**About this task:** In full and word for word, copy the listing; no pictures belong in the copy.

□ □ □

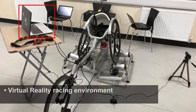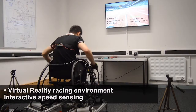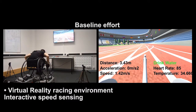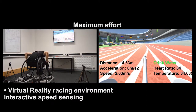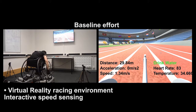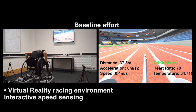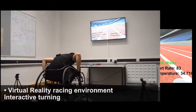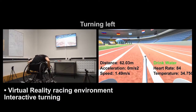The next main aspect is the new and exciting virtual reality component of the system, which delivers an immersive virtual racing environment for the athlete. Starting with speed sensing, the virtual reality can mimic the speed of the wheelchair as if the athlete is on a real track. The virtual reality component can also differentiate between right turns and left turns of the wheelchair.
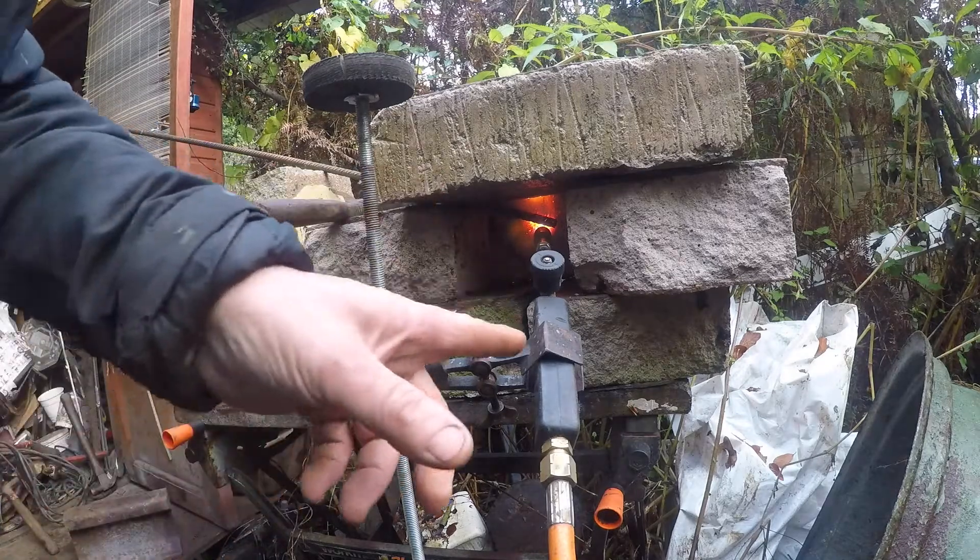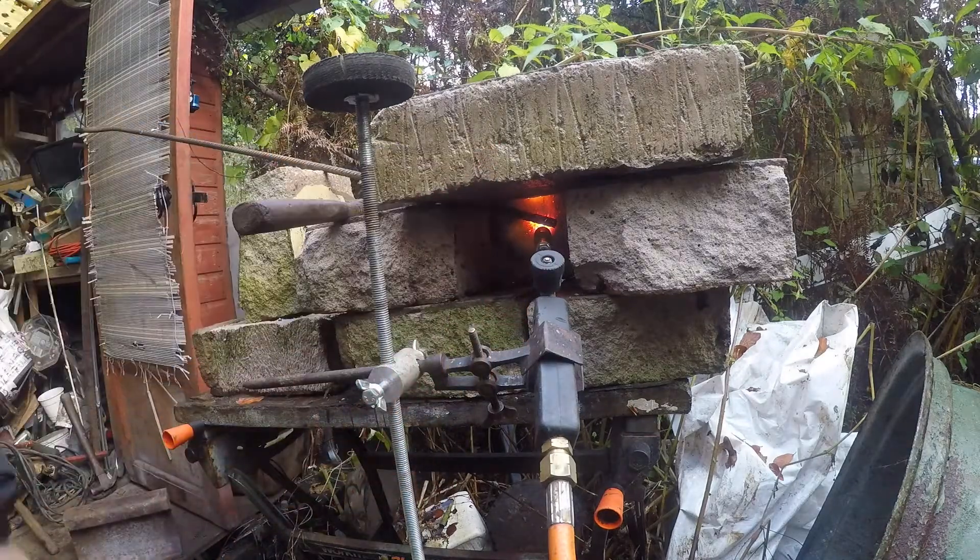It's a very crude forge — just a propane torch. It's only some more bricks going onto the steel, and it's just getting hot enough to work.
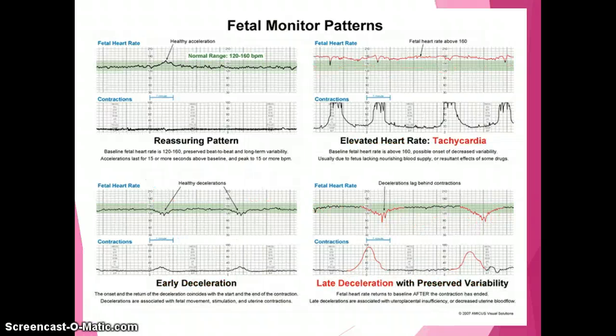Looking at a reassuring pattern, the fetal heart rate falls within the normal range and has a nice acceleration. An acceleration is an increase of 15 beats per minute for at least 15 seconds above the baseline. For example, if the baseline is 130 and the heart rate accelerates to 160, it then returns to baseline. When assessing reassuring patterns and variability, we want to see accelerations lasting 15 beats for 15 seconds or more compared to the baseline.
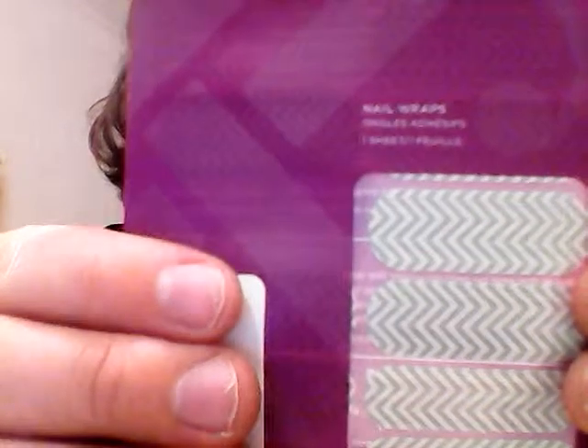They've got ice crystals — it's like a design with ice crystals. One is called Jaden, and it's black and white stripe. And then this one is mint green chevron.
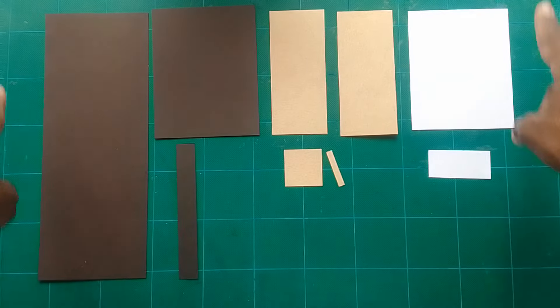Hi guys and welcome to card making with Crystal. Today I'm going to show you how to make this really cute card — it opens like this and it's amazing. It's perfect for a well-dressed gentleman, great for Father's Day or any executive. Let's make it — this is all you need.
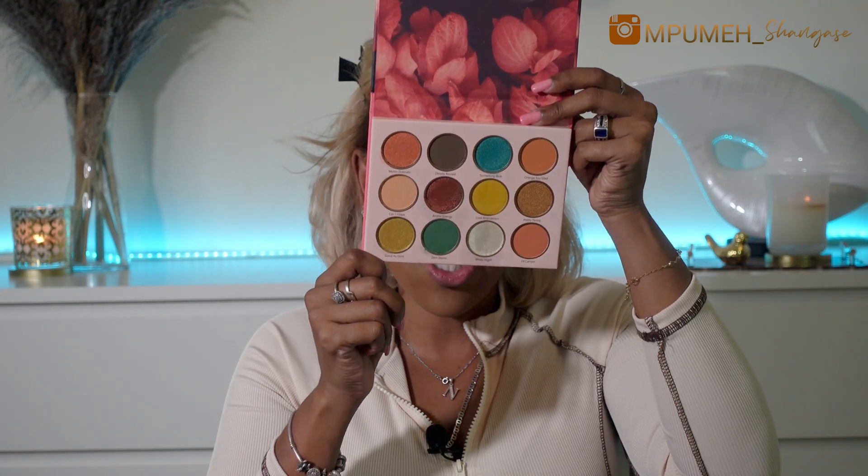The camera was against me today — it doesn't want me to be great. It switched off and I think it was overheating, so I let it cool down. While it was cooling down I finished the same technique on the other eye. Now we are going to move on to our shimmery colors. I want to use Something Blue, White Knight — I basically want to use all of them, but I can't, so I'm going to have to choose.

□ □ □

**Response area:**
The next main aspect is the new and exciting virtual reality component of the system, which delivers an immersive virtual racing environment for the athlete. Starting with speed sensing, the virtual reality can mimic the speed of the wheelchair as if the athlete is on a real track. The virtual reality component can also differentiate between right turns and left turns of the wheelchair.
It's a very crude forge — just a propane torch. It's only some more bricks going onto the steel, and it's just getting hot enough to work.
Looking at a reassuring pattern, the fetal heart rate falls within the normal range and has a nice acceleration. An acceleration is an increase of 15 beats per minute for at least 15 seconds above the baseline. For example, if the baseline is 130 and the heart rate accelerates to 160, it then returns to baseline. When assessing reassuring patterns and variability, we want to see accelerations lasting 15 beats for 15 seconds or more compared to the baseline.
They've got ice crystals — it's like a design with ice crystals. One is called Jaden, and it's black and white stripe. And then this one is mint green chevron.
Hi guys and welcome to card making with Crystal. Today I'm going to show you how to make this really cute card — it opens like this and it's amazing. It's perfect for a well-dressed gentleman, great for Father's Day or any executive. Let's make it — this is all you need.
The camera was against me today — it doesn't want me to be great. It switched off and I think it was overheating, so I let it cool down. While it was cooling down I finished the same technique on the other eye. Now we are going to move on to our shimmery colors. I want to use Something Blue, White Knight — I basically want to use all of them, but I can't, so I'm going to have to choose.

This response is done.